Maybe you've been with women like me, I don't know.  Maybe you DO know what to do with 'em.  I like to THINK you do, anyway.  In most things, you seem very uber-sensitive, open, sincere, and expressive....things that many Dominant men do NOT show on the outside at all.  You don't seem to have that persona, but again, a lot of times people overcompensate for their true natures.  You also are a very cunning businessman, someone who is perfectionist and likes to lead rather than follow, and you can often be very demanding with certain things.  Sooooo, it is possible.

I just felt like sharing a part of me that people typically don't get to see.  Most everyone thinks of me as this bold, brash, outspoken person.  The truth is, when you encounter a submissive woman, sometimes she is overcompensating for her true nature, because 9 times out of 10, her true nature of submissiveness is scorned or criticized in society.  Women are "supposed to be" tough, and sure, I have had to be tough too, especially when living in Washington DC.

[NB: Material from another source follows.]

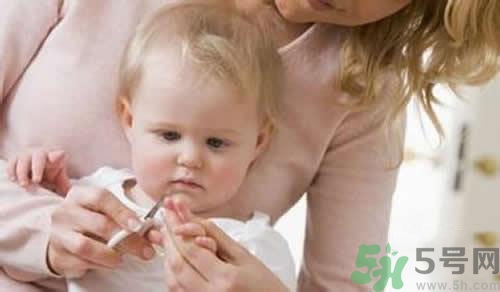 小孩指甲發(fā)白是怎么回事？小孩指甲發(fā)白怎么辦？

My last post here (before the photo of you and I), was one in which I expressed my anger towards Mitt Romney's "binders full of women" remark, because I do consider myself somewhat feminist.  I think that is the most difficult part of realizing and accepting that you're submissive, at least it was for me, to reconcile that part of me, and combine it with who I really am inside.  I admire and honor all of the suffragist women who fought and died for my right to vote.  I will always cherish and use that right.  I believe in equal pay for equal work, too.  I also believe that if and when a woman is elected President, this country will actually be structured into something pretty damned awesome.



Well, I have to go for now, but I just wanted to show you the real me.  I'm a conundrum, an enigma, a mysterious chick full of a myriad of different sides to my inner soul.  I also love YOU very much.  And I'm very thankful that a man like Pete finally came along in my life, who understands me.